1968年(昭和43年)日本に初めて100メートルを超す「霞が関ビル」が誕生した。まだ高さ制限が31メートルだった1960年代前半、当時の三井不動産社長の命を受け、このビル建築チームのリーダーとして参加したのが郭茂林だった。

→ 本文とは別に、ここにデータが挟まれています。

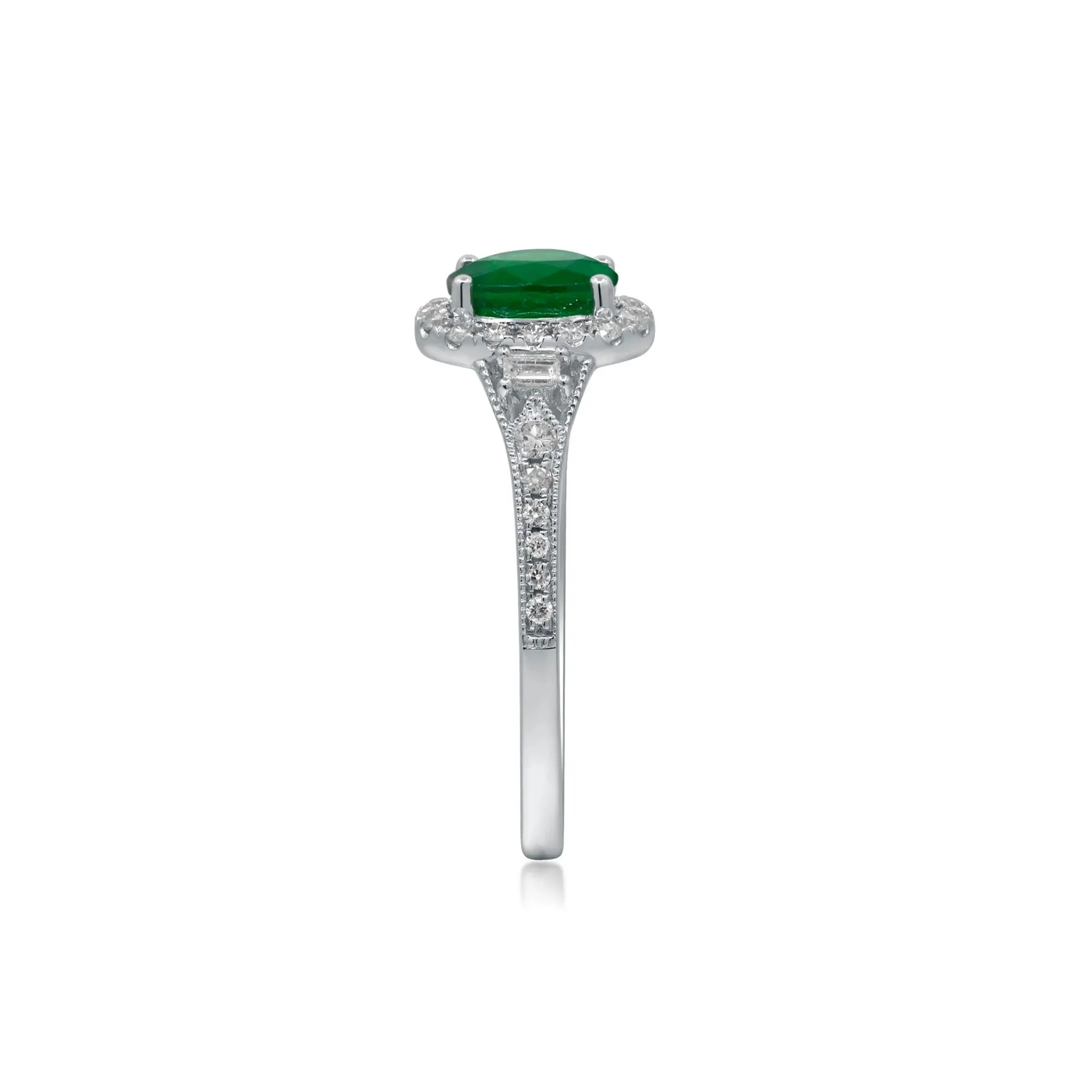 1/3 CT. Tw. Emerald & Diamond Halo Ring 10K White Gold Round Brilliant Cut Size 7 2mm - Image 3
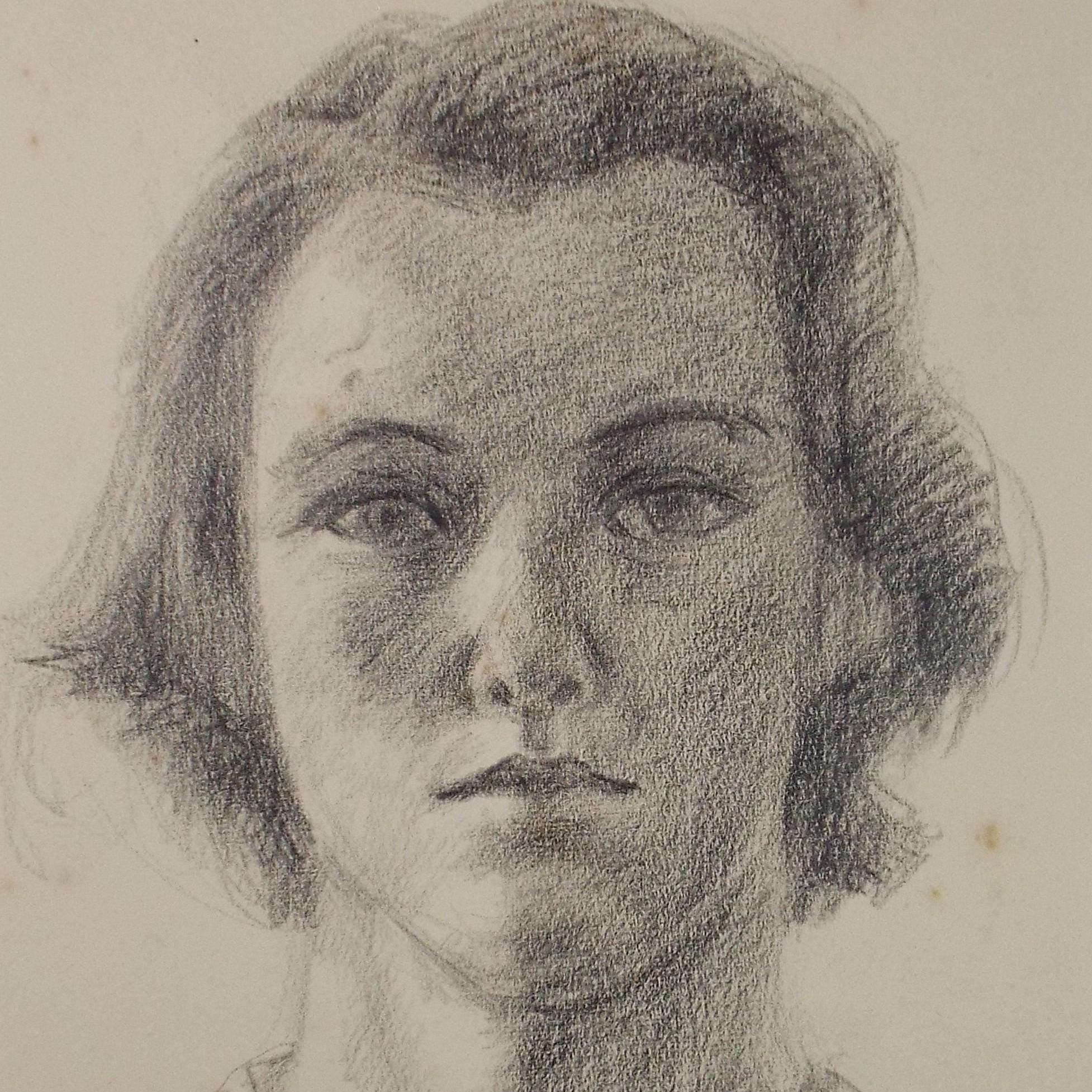 Original Pencil Sketch,'Portrait of a Woman', Circa 1950's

その後、浜松町の世界貿易センタービル、新宿の京王プラザホテル、池袋のサンシャイン60と、高さの記録更新を続け、日本を代表する超高層ビルを次々と築いていく。郭の活躍の場はビル単体にとどまらず、新宿副都心開発も手掛けた。だれに対しても臆することなく接し、プロジェクトが大きくなればなるほど、郭の存在感は増していった。

郭は90歳を目前にした2010年秋、故郷への旅に出た。青春時代(旧制中学卒業まで)を過ごした台湾で何を振り返り、何を伝えようとするのか。仲間を信じることで国籍を問わず、だれからも愛されていた郭茂林の人生を追うドキュメンタリー。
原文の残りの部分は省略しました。